- **YOUR TASK**
Find "639 Cumnor Avenue, Barrington, IL 60010" in the material, then return exactly the line containing it and all lines after it to the end, leaving out pictures.

- **RAW DATA**
****************

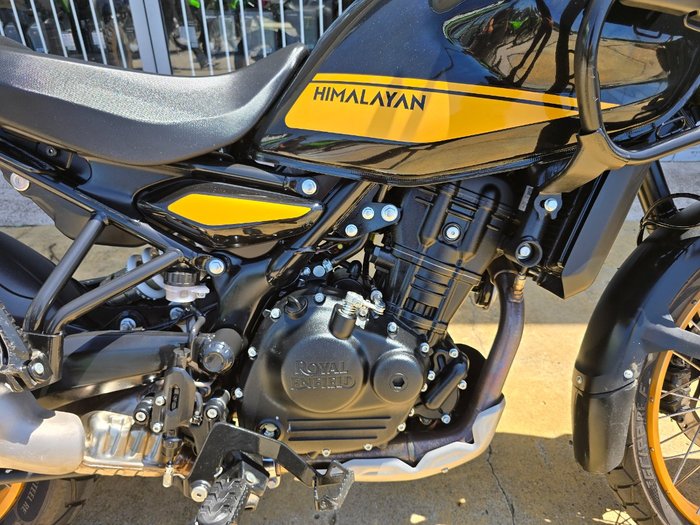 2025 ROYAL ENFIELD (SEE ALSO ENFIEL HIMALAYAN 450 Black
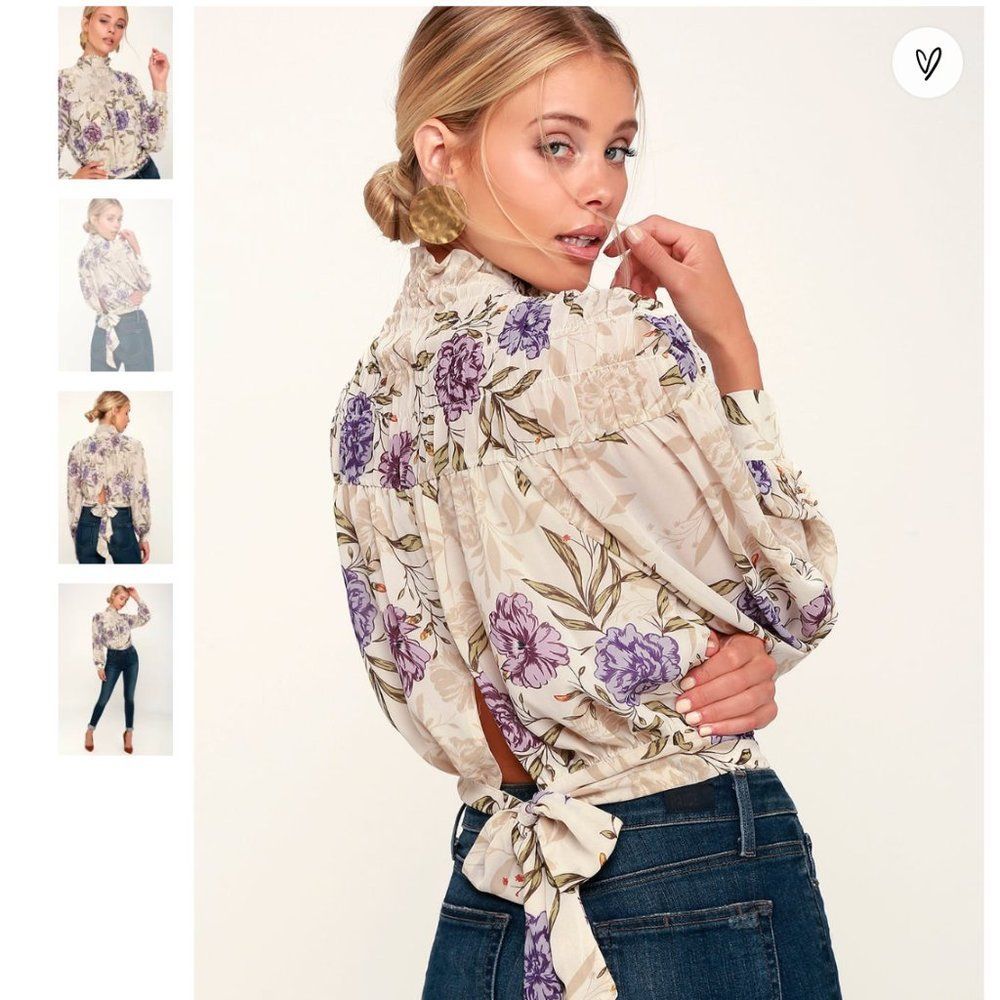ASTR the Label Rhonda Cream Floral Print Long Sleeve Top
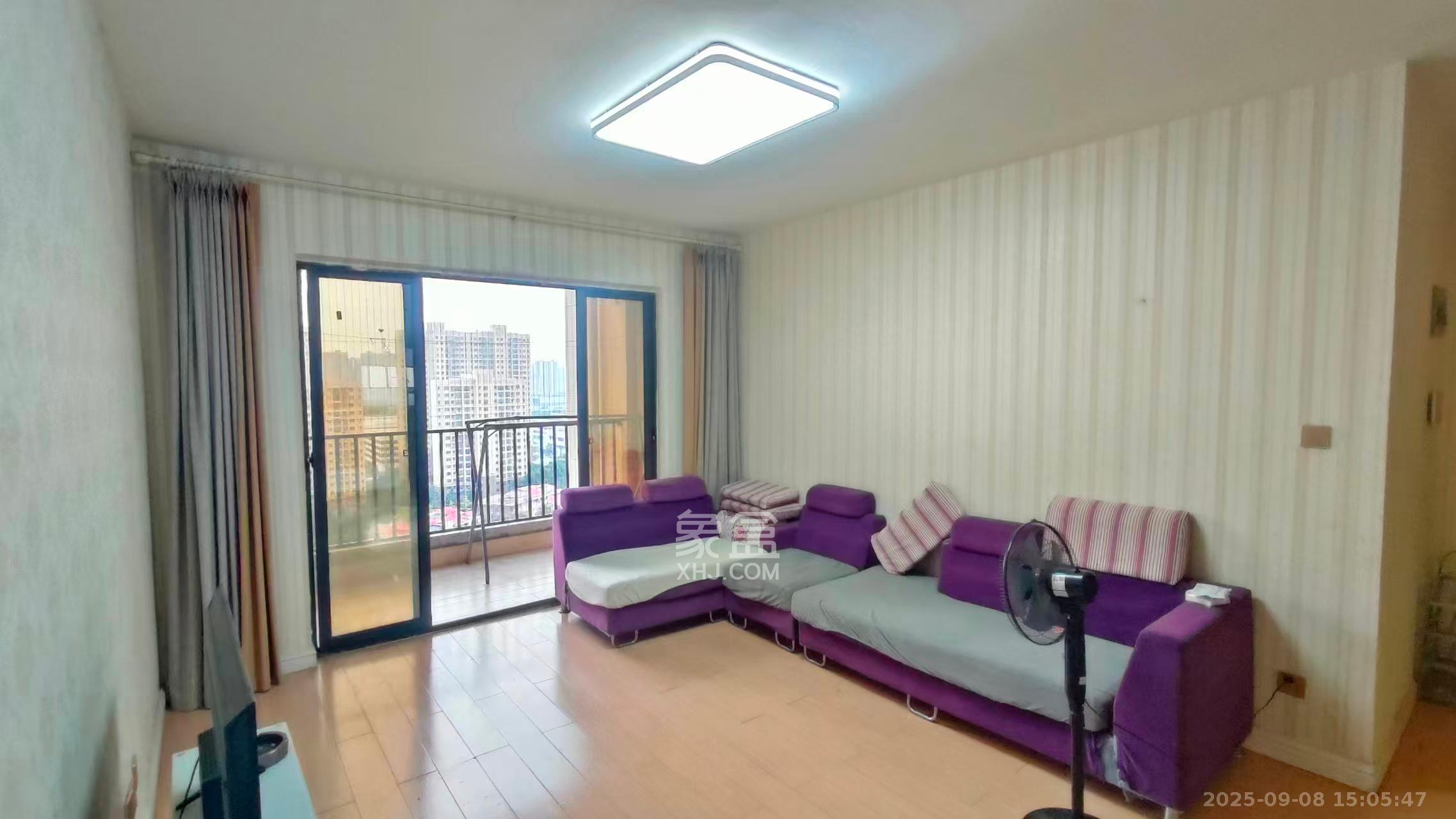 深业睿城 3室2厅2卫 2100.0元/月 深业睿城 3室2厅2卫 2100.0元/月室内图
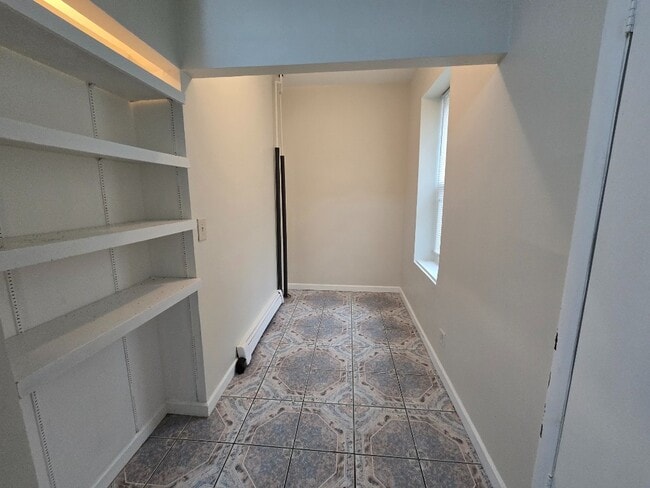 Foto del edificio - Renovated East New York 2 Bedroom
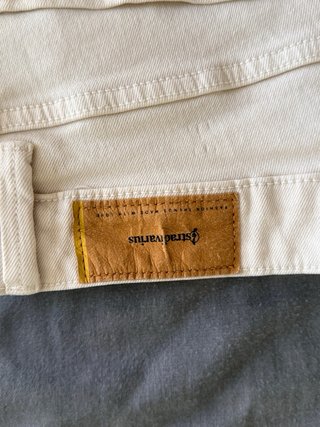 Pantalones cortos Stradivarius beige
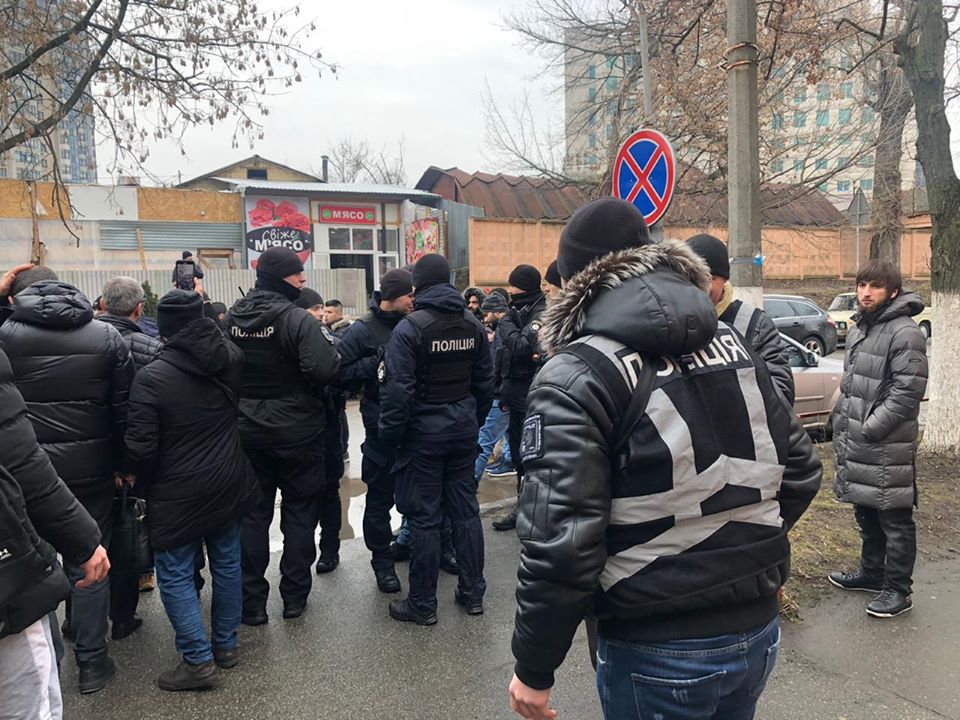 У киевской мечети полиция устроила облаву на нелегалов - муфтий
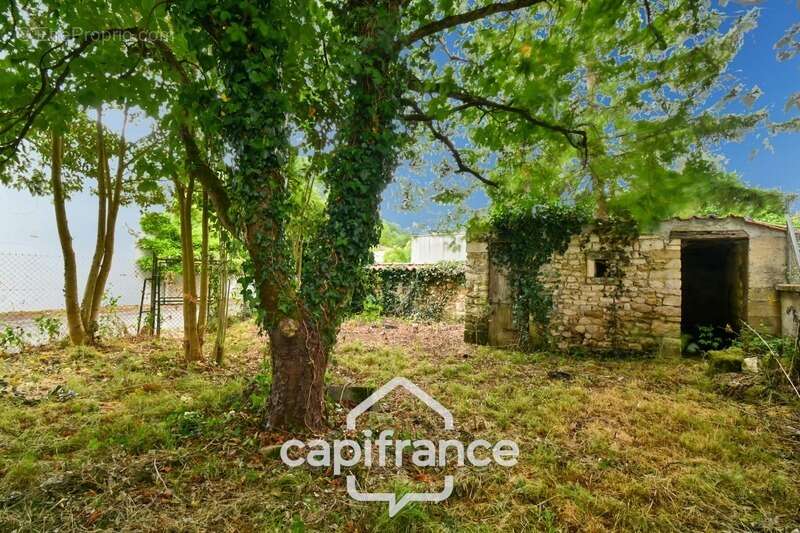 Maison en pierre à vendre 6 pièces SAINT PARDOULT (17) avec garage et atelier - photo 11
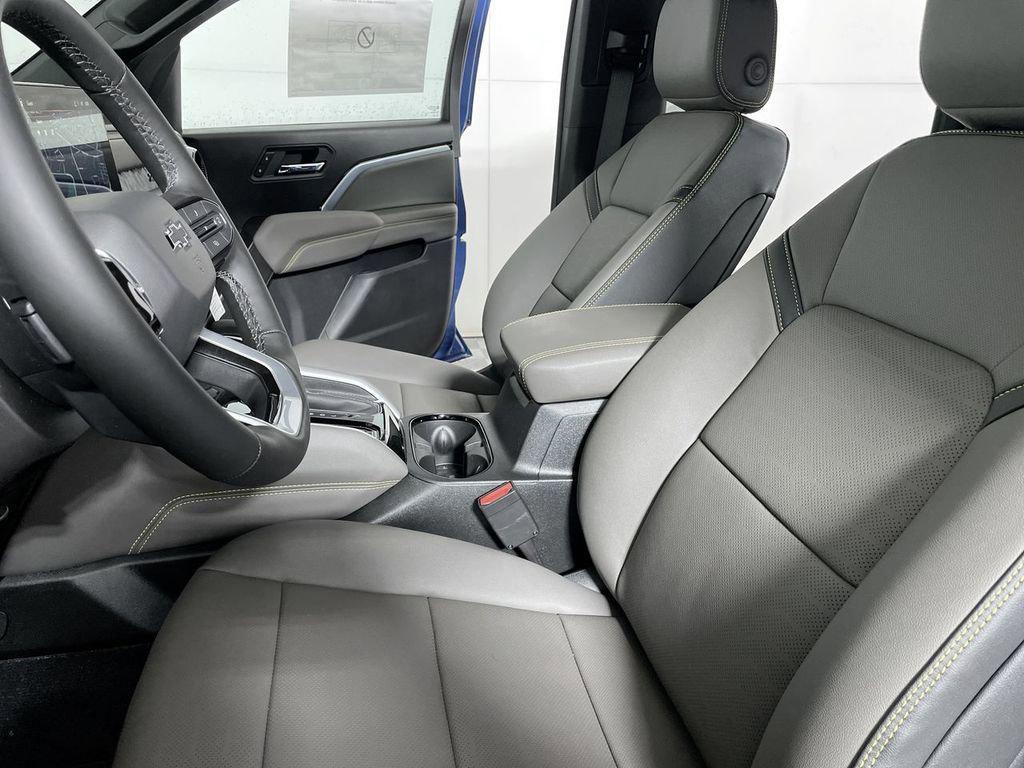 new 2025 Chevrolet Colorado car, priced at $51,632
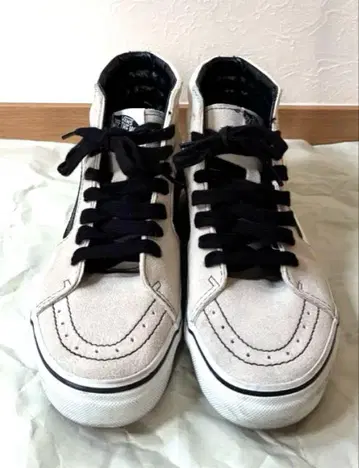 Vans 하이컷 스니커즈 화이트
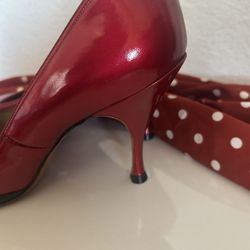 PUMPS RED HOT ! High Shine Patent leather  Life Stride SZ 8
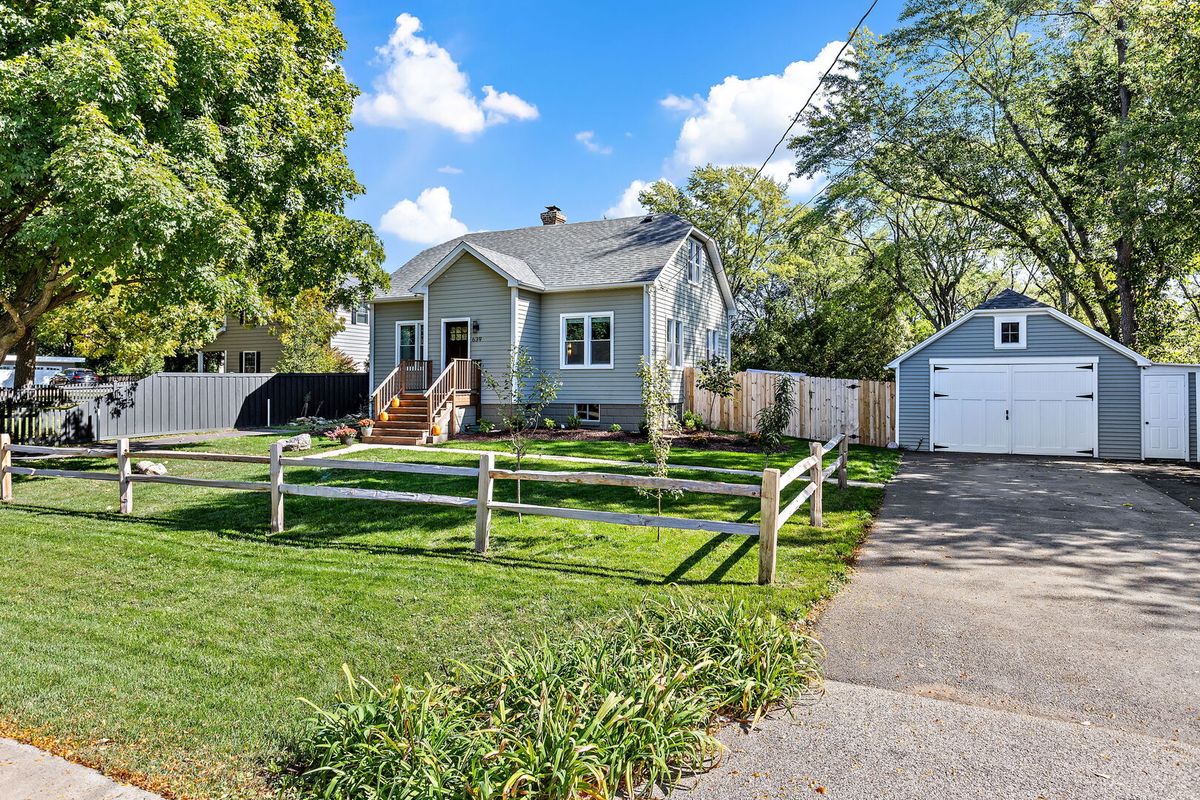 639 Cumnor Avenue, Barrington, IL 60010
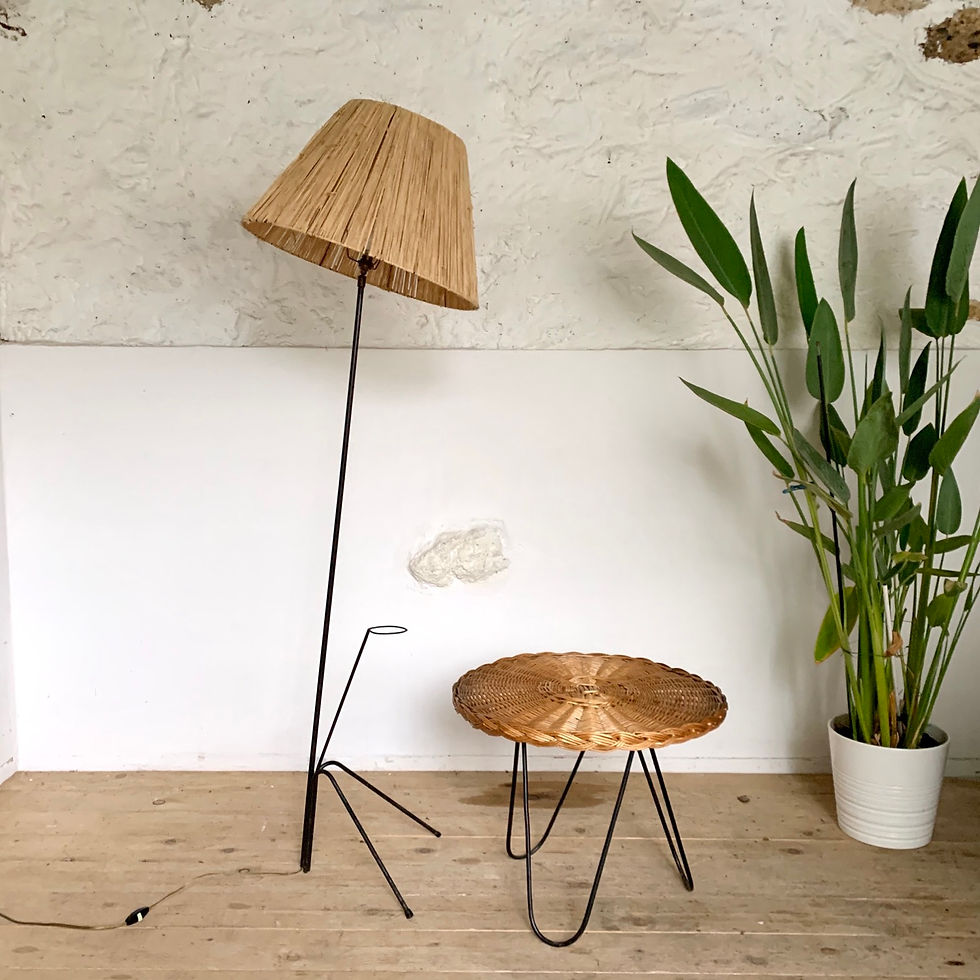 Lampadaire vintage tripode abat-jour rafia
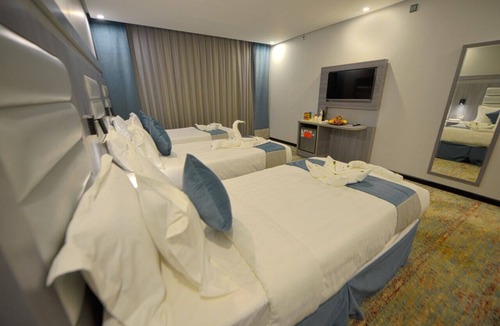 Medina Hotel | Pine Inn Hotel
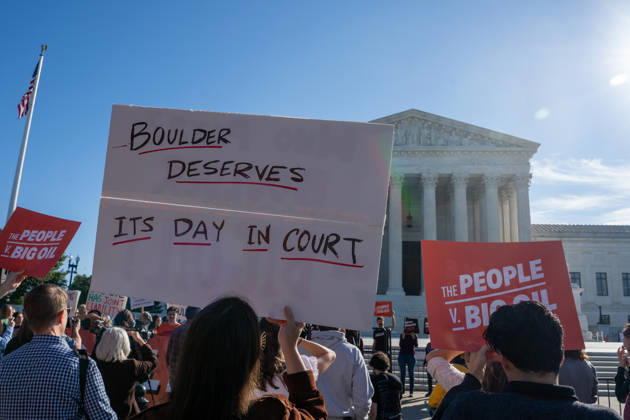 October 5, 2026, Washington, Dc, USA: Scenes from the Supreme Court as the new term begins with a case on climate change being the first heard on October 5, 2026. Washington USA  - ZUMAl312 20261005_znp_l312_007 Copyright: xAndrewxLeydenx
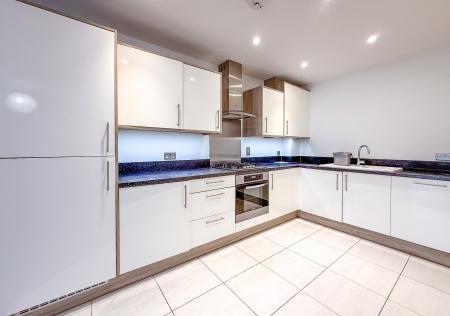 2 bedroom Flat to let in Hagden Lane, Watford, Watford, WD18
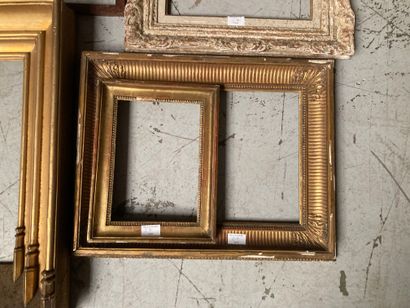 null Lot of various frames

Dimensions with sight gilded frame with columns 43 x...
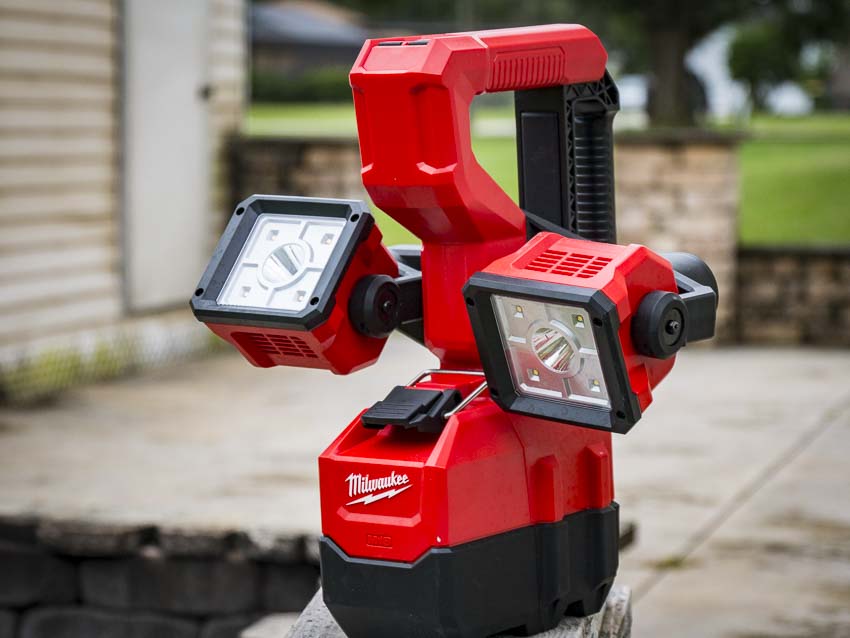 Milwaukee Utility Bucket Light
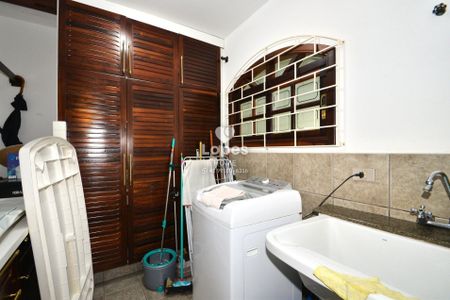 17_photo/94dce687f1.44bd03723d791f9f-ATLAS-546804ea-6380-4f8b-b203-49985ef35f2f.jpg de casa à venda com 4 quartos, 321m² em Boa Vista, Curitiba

****************

- **ANSWER TO THIS EXERCISE**
 639 Cumnor Avenue, Barrington, IL 60010
 Lampadaire vintage tripode abat-jour rafia
 Medina Hotel | Pine Inn Hotel
 October 5, 2026, Washington, Dc, USA: Scenes from the Supreme Court as the new term begins with a case on climate change being the first heard on October 5, 2026. Washington USA  - ZUMAl312 20261005_znp_l312_007 Copyright: xAndrewxLeydenx
 2 bedroom Flat to let in Hagden Lane, Watford, Watford, WD18
 null Lot of various frames

Dimensions with sight gilded frame with columns 43 x...
 Milwaukee Utility Bucket Light
 17_photo/94dce687f1.44bd03723d791f9f-ATLAS-546804ea-6380-4f8b-b203-49985ef35f2f.jpg de casa à venda com 4 quartos, 321m² em Boa Vista, Curitiba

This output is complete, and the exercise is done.